# Feeler computer parts



## Compequip

Hello everyone, I was just wondering what I could get for these parts;  I'd like to sell as a package, but would be willing to seperate the 4870 from the rest.  I'm looking to see what there current value is so I can decide whether or not to sell or use as an everyday comp.

Asus P5Q-E Mobo
E8500 CPU
Artic Cooling Freezer 7 Pro
Creative Sound Blaster X-Fi SB1040 EF
Asus 4870 Video Card 512 version
GSkill 4 GB 8500
And Possibly
4870X2 2gb with the Artic Cooler mounted on it


I built this in July/2008 and started using 6 months later.  The E8500 was overclocked on the original build, but within 1 week was set back to stock and never overclocked again.  These parts are in perfect working condition and are being used on this computer as I type.  I have a new i7 system I built 6 months ago and haven't plugged in yet.  It's time to syart using my new system.  I'm also going to be building a i5 2500K /1155 system.


Thank you.....


----------



## wolfeking

What would be the price you are looking to get for it? Thats the only determining factor that matters here. 
I havent a clue on the price of the board, but remember, at this time i wouldnt expect it to be over 1/3 the original price. 
The cpu goes for 199 on newegg still. It was overclocked (even for a minute, it affects value). You should be able to get about 100 for it if you really wanted to. 
the 4870 is going for 162 new. Its assuming as a standard loss (deprecation) of 30% a year (its about right, you loose about that at the door anyway), it would bring you ~80. 
Ram is simple. 4 Gig kits are going for around 40 on newegg, so used, ~20.


----------



## Rit

*Asus P5Q-E Mobo*
Used - $85-$95 + Shipping

*E8500 CPU*
Used - $90-$110 + Shipping

*Artic Cooling Freezer 7 Pro*
New - $30+
Used - $15-$20 + Shipping

*Asus 4870 Video Card 512 version*
$50-65 + Shipping

*GSkill 4 GB 8500 - 2x2 or 1x4?*
Assuming 2x2
New - $80
Used - $50-60 + Shipping

Having them pre-overclocked doesn't increase the value. Better chance of increasing the value by including original packing/accessories/calculated shipping to buyer.


----------



## wolfeking

I thought that OCing decreased the value of ram and processors...


----------



## Compequip

Thanks for the heads up.  Yeah I'm want to be honest with everyone including myself.  The local comp. shop had it oc, then when I brought it home and ran prime it failed.  So I asked ppl. here how to put it back to stock and did.  The pricing seems where I thought it would be except the video card.  It was the fancy Asus card enclosed with graphics.  I paid 279.00 for it. hehe.  I was hoping it was worth 100.00.  I was thinking of selling these items to upgrade to a 2500K cpu and mobo along with a 6950 gpu.  I'll have to do the math and see if this is what I want to do.  And yes I have all original packaging for everything I believe in the boxes.  I think I gave the original fan away.


----------



## Aastii

wolfeking said:


> I thought that OCing decreased the value of ram and processors...
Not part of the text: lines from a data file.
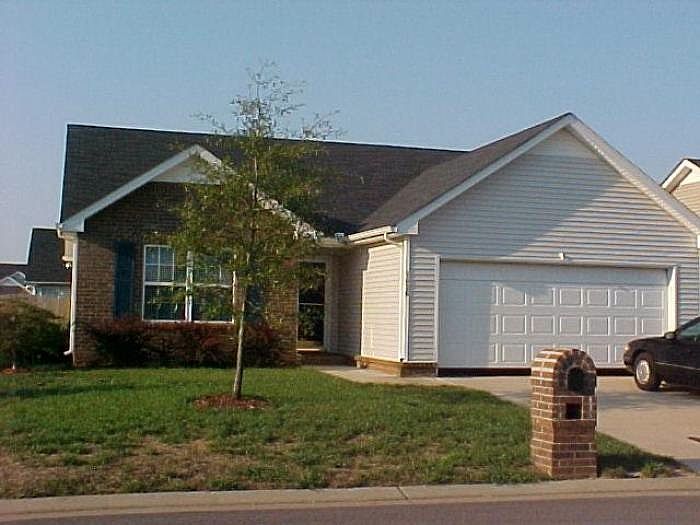 1st image of 1426 Amal Dr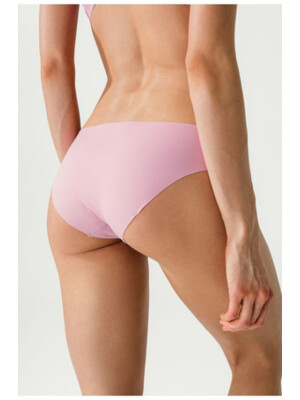 Купить Трусики слипы Luna Cravo в Украина в Lingerie.ua - Одяг для дому та відпочинку, Фото 2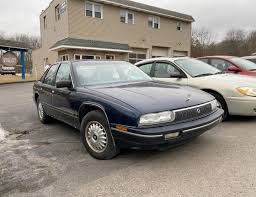 Image result for Black Sapphire 1993 Buick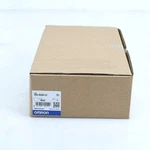 New Omron Hmi NS5-MQ00-V2 Touch Panel NS5MQ00V2. Fixed Price $570.00.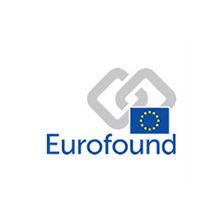 Eurofound-logo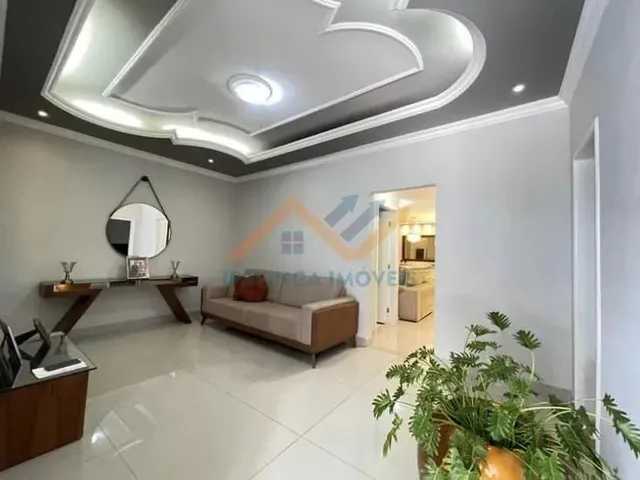 Imagem 9: Casa no Bom Jardim - Ipatinga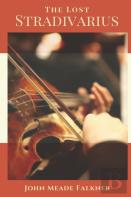 The Lost Stradivarius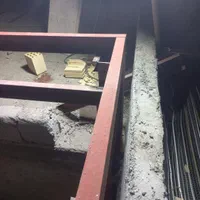 استخدام کمک جوشکار|استخدام معماری، عمران و ساختمانی|قشم, |دیوار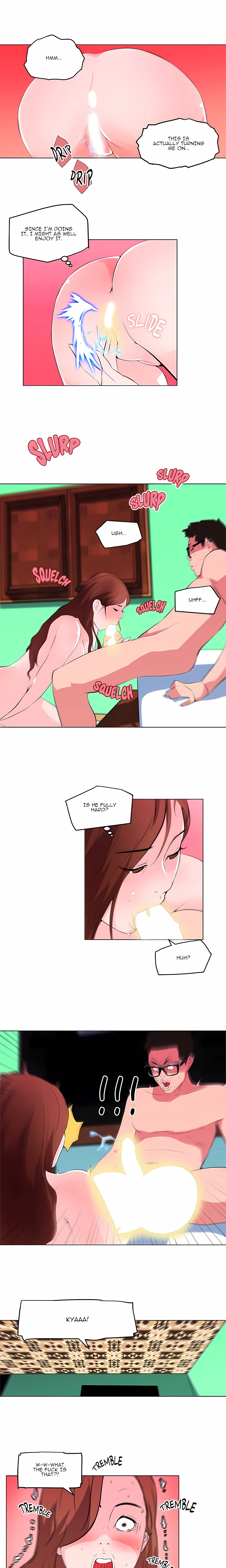 Chapter 22, page 8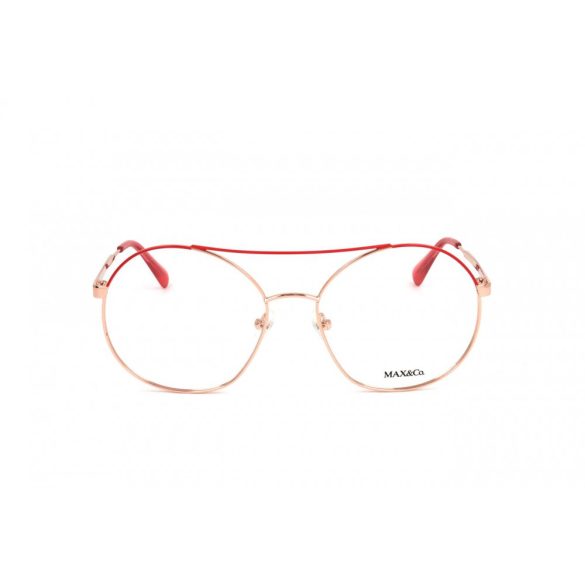 MAX&Co. női Szemüvegkeret MO5007 33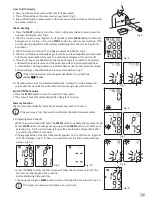 Предварительный просмотр 4 страницы Obbo MM-4670 Manual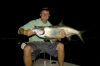 fly-fishing-tarpon-_09.jpg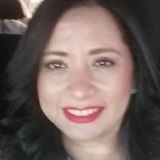 Bel from Mexicali | Woman | 44 years old | Taurus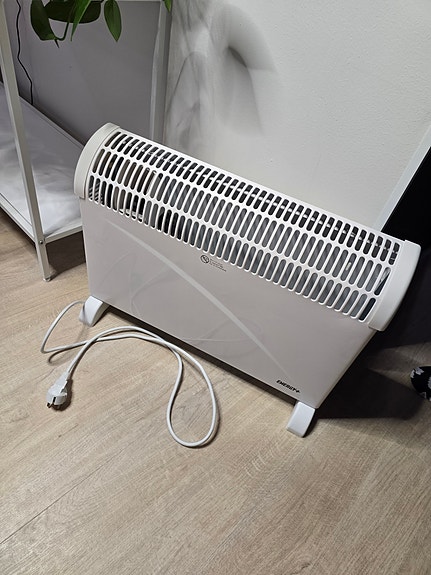 Product image 1 of 7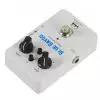 VGS 570205 Blue Bayou Blues Overdrive Gitarreneffekt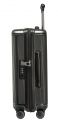 Echolac Dynasty Vlx VLXM check-in Earth Black #3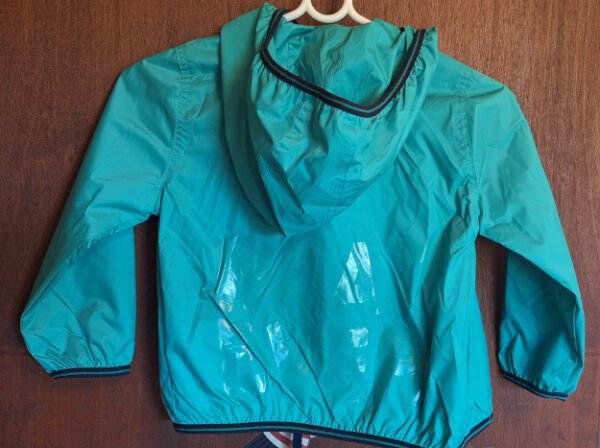 rompevientoCheeky03 Rompeviento Cheeky - 3 años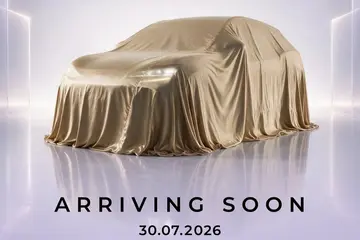 2026 BYD Sealion 7 大马预告:91.3 kWh 电池,502 km 续航,800V快充,价格成最大悬念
It does, however you have no way of proving that someone overclocked their computer if the seller sets it back to stock.

@ compequip, what country are you in, and would you be willing to part out?


----------



## wolfeking

well, he shot himself in the foot by mentioning it then. lol. 
OP, there is no way that you are going to be able to sell this for enough to get a 2500/6950 and a motherboard.


----------



## Aastii

wolfeking said:


> well, he shot himself in the foot by mentioning it then. lol.
> OP, there is no way that you are going to be able to sell this for enough to get a 2500/6950 and a motherboard.



Nah, 1 week overclocked is absolutely nothing, for all intents and purposes, it has been at stock from the start. If it spent it's entire life up to now overclocked with a fairly large OC on, different story


----------



## wolfeking

oh, I was under the impression that 1 second or 1 year didnt matter so much as it had. Guess I learn something everyday.


----------



## Compequip

I'm in the US, Caifornia.  And as to trading what I have to the newer system, I know I'm going to spend more.  I was hoping to sell my mobo/ram/cpu and fan as a pkg. Then sell the gpu seperately or as a package.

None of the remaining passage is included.